Description of the task - Collect all lines below with the string "Premio".

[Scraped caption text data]
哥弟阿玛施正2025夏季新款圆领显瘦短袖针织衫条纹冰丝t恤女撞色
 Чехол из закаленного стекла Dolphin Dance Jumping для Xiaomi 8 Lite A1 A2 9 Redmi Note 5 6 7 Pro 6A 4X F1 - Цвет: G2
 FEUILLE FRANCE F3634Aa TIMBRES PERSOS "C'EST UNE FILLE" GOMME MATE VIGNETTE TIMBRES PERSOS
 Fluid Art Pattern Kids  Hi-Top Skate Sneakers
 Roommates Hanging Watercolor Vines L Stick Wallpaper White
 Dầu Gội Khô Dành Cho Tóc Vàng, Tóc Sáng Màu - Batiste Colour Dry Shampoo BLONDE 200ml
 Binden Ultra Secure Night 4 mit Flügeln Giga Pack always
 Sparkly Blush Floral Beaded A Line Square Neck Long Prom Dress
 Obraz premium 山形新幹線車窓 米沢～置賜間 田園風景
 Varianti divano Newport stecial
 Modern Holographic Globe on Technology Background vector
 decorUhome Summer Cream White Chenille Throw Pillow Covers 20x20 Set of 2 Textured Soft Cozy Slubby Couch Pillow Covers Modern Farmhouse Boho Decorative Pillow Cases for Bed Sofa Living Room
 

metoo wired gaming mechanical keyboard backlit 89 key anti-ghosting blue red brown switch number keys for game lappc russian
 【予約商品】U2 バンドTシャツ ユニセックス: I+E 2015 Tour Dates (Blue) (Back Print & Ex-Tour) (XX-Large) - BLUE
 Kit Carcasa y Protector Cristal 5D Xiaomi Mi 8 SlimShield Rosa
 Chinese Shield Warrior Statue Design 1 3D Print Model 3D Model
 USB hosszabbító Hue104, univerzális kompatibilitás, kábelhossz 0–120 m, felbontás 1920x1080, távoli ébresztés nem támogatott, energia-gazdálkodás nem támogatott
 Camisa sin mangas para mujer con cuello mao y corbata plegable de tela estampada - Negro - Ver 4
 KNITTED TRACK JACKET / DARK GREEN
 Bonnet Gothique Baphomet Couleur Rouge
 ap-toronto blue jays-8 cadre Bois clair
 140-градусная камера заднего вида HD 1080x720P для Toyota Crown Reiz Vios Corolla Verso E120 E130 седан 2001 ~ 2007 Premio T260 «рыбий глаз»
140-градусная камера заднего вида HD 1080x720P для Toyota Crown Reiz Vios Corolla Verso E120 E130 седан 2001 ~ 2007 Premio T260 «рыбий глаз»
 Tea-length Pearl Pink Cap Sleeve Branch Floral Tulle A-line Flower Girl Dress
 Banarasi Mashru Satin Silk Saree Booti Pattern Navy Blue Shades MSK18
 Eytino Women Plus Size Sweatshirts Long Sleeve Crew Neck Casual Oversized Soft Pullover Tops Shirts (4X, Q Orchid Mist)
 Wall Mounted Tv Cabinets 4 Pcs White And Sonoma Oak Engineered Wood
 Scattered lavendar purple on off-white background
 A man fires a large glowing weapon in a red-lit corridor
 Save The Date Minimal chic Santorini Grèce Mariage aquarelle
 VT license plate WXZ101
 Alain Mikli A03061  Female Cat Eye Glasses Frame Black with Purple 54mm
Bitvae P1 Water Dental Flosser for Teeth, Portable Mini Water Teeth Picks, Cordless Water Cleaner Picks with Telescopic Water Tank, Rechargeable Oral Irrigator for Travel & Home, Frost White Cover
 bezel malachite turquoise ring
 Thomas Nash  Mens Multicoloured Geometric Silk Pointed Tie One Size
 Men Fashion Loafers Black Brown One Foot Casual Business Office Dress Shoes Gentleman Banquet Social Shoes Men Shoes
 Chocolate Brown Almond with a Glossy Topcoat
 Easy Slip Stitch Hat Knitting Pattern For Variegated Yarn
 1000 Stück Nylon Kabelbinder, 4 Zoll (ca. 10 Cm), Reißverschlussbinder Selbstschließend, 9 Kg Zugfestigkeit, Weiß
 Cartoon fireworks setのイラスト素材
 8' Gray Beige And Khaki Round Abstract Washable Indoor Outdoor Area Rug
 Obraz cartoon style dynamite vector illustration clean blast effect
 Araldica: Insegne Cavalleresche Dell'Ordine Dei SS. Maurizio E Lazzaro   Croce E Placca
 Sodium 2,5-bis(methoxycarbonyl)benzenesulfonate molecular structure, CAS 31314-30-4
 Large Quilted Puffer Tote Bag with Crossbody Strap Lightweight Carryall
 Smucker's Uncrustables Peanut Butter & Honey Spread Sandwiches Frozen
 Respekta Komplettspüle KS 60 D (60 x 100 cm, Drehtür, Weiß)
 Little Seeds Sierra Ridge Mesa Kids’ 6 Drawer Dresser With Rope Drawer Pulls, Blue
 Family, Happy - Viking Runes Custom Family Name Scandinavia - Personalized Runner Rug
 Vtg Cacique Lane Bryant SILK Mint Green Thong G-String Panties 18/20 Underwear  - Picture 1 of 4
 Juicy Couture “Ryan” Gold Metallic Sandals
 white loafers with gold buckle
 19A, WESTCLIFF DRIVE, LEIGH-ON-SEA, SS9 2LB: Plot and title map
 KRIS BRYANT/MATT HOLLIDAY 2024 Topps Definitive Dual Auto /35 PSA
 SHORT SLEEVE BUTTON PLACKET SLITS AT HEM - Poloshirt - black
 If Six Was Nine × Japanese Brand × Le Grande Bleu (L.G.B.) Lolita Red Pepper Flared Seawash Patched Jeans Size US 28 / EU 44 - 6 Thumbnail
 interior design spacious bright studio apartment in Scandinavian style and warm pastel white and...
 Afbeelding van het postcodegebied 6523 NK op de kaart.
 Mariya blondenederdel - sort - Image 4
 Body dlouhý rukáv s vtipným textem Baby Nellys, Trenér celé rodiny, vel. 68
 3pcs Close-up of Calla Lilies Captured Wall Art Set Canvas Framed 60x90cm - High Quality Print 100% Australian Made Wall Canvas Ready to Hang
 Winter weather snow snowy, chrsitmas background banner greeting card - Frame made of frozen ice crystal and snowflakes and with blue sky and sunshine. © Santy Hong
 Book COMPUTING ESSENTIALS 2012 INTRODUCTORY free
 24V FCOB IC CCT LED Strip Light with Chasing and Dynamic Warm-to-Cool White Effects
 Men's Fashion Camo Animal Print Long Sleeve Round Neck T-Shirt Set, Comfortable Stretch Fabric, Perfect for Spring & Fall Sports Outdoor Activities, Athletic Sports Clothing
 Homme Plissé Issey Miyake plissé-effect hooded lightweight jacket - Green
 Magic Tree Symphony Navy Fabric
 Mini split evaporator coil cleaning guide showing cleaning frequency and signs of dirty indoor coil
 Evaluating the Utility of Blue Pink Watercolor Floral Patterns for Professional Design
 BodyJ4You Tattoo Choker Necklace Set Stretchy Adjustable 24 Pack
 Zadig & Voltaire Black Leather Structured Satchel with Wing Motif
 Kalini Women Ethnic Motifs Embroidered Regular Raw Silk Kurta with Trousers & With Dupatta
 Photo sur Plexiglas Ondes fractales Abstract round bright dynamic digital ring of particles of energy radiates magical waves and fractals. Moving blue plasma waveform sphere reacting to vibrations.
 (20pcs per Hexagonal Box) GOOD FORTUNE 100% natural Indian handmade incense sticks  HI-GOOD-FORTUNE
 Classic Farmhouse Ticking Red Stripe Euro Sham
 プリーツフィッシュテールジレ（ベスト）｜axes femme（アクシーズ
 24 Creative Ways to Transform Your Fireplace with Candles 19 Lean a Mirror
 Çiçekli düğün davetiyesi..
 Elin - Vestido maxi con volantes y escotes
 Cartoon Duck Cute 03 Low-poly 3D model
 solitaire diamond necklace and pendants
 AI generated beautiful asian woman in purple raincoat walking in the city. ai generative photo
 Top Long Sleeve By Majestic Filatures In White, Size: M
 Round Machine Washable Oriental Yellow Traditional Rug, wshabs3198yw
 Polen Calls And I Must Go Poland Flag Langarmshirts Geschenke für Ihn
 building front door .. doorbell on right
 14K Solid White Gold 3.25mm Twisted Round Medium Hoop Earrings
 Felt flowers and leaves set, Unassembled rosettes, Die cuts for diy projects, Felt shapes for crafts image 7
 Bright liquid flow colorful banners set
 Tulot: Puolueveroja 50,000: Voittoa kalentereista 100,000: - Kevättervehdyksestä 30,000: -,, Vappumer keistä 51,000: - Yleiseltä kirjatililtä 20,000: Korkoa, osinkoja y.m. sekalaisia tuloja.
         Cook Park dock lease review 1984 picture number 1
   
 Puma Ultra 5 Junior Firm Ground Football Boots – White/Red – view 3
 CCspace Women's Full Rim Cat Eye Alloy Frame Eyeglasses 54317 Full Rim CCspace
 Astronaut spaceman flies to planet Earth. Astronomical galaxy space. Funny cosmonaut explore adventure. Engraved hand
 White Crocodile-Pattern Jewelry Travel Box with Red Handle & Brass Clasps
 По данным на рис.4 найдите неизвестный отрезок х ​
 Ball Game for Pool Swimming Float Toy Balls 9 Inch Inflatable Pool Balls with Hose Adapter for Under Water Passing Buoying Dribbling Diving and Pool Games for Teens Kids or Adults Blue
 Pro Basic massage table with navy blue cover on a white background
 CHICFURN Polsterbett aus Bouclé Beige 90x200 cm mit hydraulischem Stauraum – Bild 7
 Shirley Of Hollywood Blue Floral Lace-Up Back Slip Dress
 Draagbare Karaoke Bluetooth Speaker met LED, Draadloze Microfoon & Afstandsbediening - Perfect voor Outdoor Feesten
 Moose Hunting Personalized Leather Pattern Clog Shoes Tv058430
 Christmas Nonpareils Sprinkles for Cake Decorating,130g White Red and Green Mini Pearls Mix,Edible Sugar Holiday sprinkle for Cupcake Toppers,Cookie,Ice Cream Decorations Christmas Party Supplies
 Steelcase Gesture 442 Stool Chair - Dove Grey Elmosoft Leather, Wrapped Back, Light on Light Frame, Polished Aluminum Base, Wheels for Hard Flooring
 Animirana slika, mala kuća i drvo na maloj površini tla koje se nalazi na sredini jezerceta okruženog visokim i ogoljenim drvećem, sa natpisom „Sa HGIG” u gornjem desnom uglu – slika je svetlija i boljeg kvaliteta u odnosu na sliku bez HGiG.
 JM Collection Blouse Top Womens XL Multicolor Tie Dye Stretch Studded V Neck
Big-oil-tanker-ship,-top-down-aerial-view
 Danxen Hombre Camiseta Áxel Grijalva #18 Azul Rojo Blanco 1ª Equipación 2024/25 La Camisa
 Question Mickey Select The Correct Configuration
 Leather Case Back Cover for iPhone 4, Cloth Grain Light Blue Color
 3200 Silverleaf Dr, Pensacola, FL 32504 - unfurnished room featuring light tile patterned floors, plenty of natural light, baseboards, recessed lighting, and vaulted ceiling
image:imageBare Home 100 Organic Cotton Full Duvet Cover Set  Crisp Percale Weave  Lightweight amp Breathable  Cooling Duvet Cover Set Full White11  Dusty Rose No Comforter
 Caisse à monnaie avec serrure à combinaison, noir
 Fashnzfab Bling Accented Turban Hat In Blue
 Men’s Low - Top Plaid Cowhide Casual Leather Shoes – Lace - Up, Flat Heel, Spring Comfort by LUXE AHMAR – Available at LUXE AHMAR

Solved exercise -
 140-градусная камера заднего вида HD 1080x720P для Toyota Crown Reiz Vios Corolla Verso E120 E130 седан 2001 ~ 2007 Premio T260 «рыбий глаз»
140-градусная камера заднего вида HD 1080x720P для Toyota Crown Reiz Vios Corolla Verso E120 E130 седан 2001 ~ 2007 Premio T260 «рыбий глаз»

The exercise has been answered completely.